Denn die Einzigartigkeit und Genialität einer befruchteten Eizelle als Anfang unseres Menschseins und unserer individuellen Personalität hat die Genetik in den letzten Jahren überzeugend dargelegt. Es ließe sich daraus ganz einfach schlussfolgern: Weil ich und du uns bereits seit dem Tag Null als Menschen entwickeln dürfen, als unsere väterliche Samenzelle mit der mütterlichen Eizelle verschmolz, soll auch jedes neugezeugte Individuum diese Möglichkeit erhalten. Leider nimmt aber die Diakonie Deutschland keinen Bezug auf diese wissenschaftlichen Fakten, sondern meint, dass eine Neuregelung der Abtreibung „aufgrund der gesellschaftlichen und rechtstheoretischen Entwicklungen der letzten 30 Jahre geboten“ sei, denn das Verfassungsgericht habe in der letzten Zeit das Gewicht der Selbstbestimmung in besonderer Weise betont. Wie schon in der Stellungnahme der EKD wird damit die menschliche Würde nicht mehr an das geschenkte geschöpfliche Dasein geknüpft, sondern an die eigenverantwortete Selbstbestimmung. Dass dies juristisch gesehen eine hochproblematische Akzentverschiebung ist, sollte auch atheistisch verstehbar sein, da mit der
Betonung der Selbstbestimmung die Dominanz der Mächtigen über die Schwachen bestätigt wird und die Rechte der Schwächsten – der Ungeborenen – aufgegeben werden, da sie keine Selbstbestimmung einfordern können.

Für den Christen ist diese Akzentverschiebung noch erschreckender, denn wenn Selbstbestimmung über geschöpfliche Würde triumphiert, so wird die
Entscheidung Adams wiederholt, der sich mit Eva von der Schlange verführen ließ, statt des geschenkten Paradieses selbst zu bestimmen, was für ihn gut und böse sei.
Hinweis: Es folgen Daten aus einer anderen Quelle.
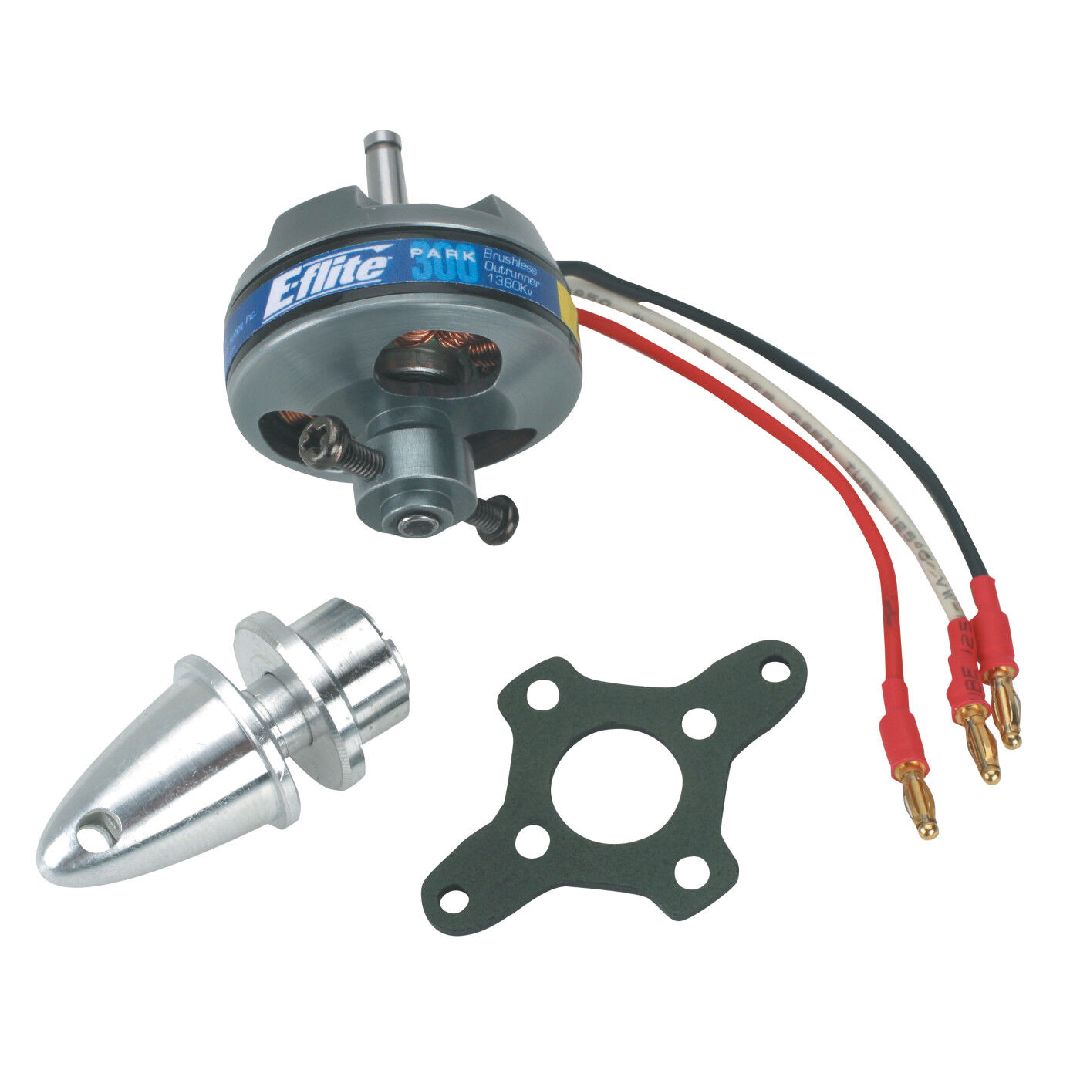 E-Flite Park 300 Brushless Outrunner Motor, 1380Kv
Darum möchte ich es allen Menschen, aber insbesondere den Christen in Erinnerung rufen: „Vergiss es nie, dass du lebst, war keine eigene Idee und dass du atmest, kein Entschluss von dir. Vergiss es nie, dass du lebst war eines anderen Idee und dass du atmest, sein Geschenk an dich.“ (Jürgen Werth). Lebenswürde ist weder das Ergebnis einer Leistung noch eine Zuerkennung durch andere, sie wohnt jedem Menschen inne, und zwar von Anfang an. Der bestehende §218 ist die juristisch ausgeformte Konsequenz. Wer auf ihn verzichten will, verabschiedet sich von einem Grundpfeiler unseres Grundgesetzes.